Prices will probably range from $40 to $55 for much of 2017, Morgan Stanley said in a note published Nov. 29, a day after Goldman Sachs Group Inc. predicted oil will average $45 a barrel through next summer. With global demand recovering, weakness in crude -- even if producers fail to reach an agreement in Vienna-- is unlikely to be sustained, according to industry consultant FGE.
Crude futures in New York and London rose on Wednesday, with West Texas Intermediate trading 1.6 percent higher at $45.93 a barrel and Brent up 1.7 percent at $47.15 by 3:20 p.m. Singapore time. Prices are down more than 50 percent from their 2014 highs amid a global glut.
The Organization of Petroleum Exporting Countries is meeting Wednesday as speculation swirls over whether it can implement the group’s first production curb in eight years. Resistance from Iran and Iraq has made the foundations for a deal aimed at stabilizing the market look increasingly shaky, while Saudi Arabia has floated the possibility of leaving without an agreement. Non-OPEC producer Russia has so far resisted requests that it join the accord to cut output.
“Demand will grow by 1.5 million barrels a day next year and if supply doesn’t grow, the market would balance even without an OPEC agreement,” said Fereidun Fesharaki, chairman and founder of FGE. While prices could go to $33 to $35 a barrel if there’s no deal, that weakness would be sustainable only for “two to three months, maximum,” he said.

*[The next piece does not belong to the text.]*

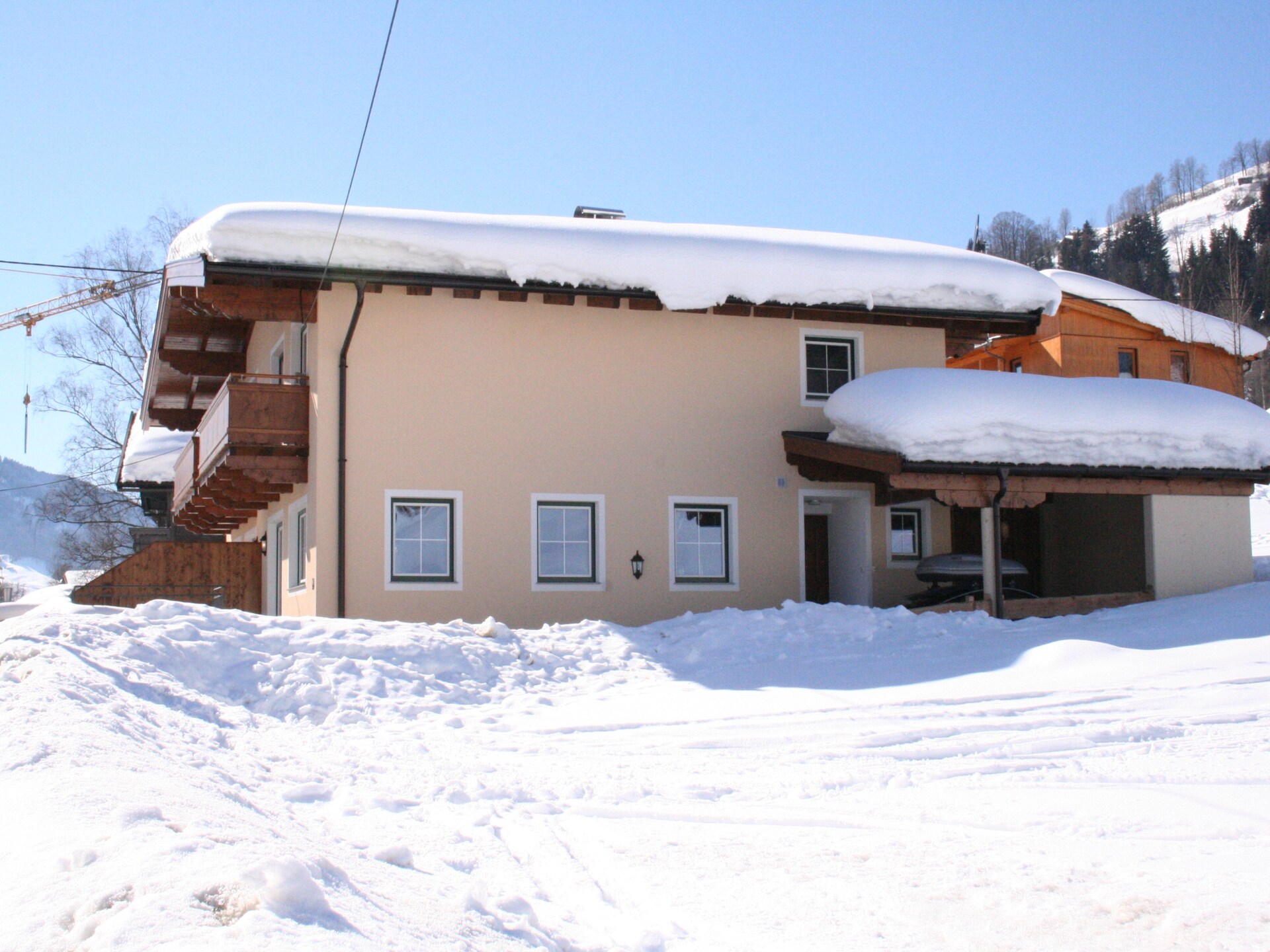 Ruim chalet voor 9 personen in Brixen im Thale, vlakbij de Skiwelt - foto 25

Disagreements between members and the failure of previous proposed deals signal that investors are right to be skeptical of any OPEC agreement, Morgan Stanley analysts including Adam Longson wrote in its report. The group also has a poor history of following through on output quotas, according to the bank.

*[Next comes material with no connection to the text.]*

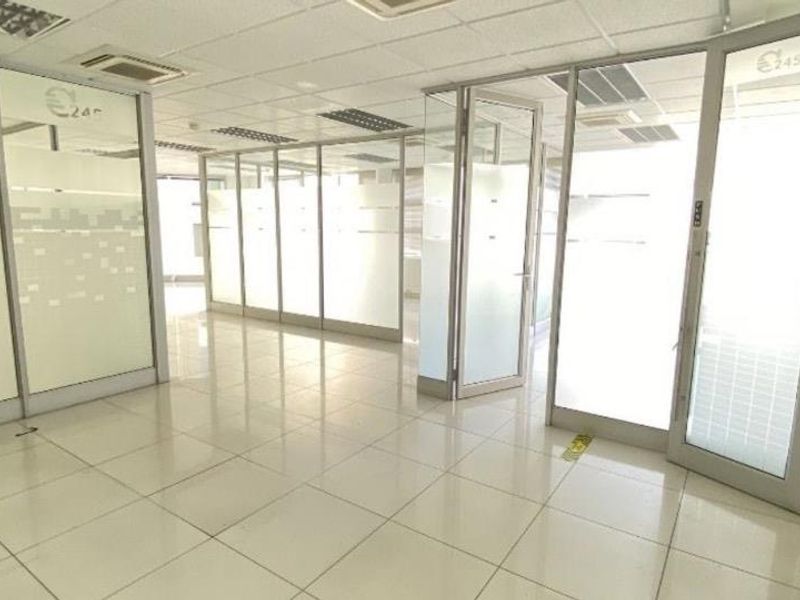 A bright, vacant office space featuring modern glass partitions, tiled flooring, and a suspended ceiling with integrated lighting.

“This is just one more reason why we don’t see Nov. 30 as the conclusive event the market wants it to be,” Longson wrote. “Instead, we remain optimistic that a headline agreement can be reached to lift prices, but we are more skeptical of sustained compliance with any agreement, especially beyond six months.”

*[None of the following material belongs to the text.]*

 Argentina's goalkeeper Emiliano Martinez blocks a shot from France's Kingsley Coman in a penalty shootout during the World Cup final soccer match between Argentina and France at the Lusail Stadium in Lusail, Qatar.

Morgan Stanley is losing confidence in even a “headline agreement,” and sees the risks of deal failure rising. “Even under such a scenario, breaking below $40 sustainably may be difficult,” according to the bank.
That echoes Goldman Sachs, which said in a Nov. 28 note that the options market shows that a move below $40 a barrel would be “difficult to sustain” in the event that OPEC fails to reach a deal. “Ultimately, even in the absence of a cut, we expect the oil market to move into deficit by the second half of 2017,” analysts including Damien Courvalin and Jeff Currie wrote in the report.
Under an Algerian proposal Tuesday, the 14 members of OPEC would cut production to 32.5 million barrels per day from their October level of 33.6 million, according to two delegates familiar with the talks. As the group tries to resolve its own differences, it’s also asking other big producers including Russia to reduce output by as much as 600,000 barrels a day.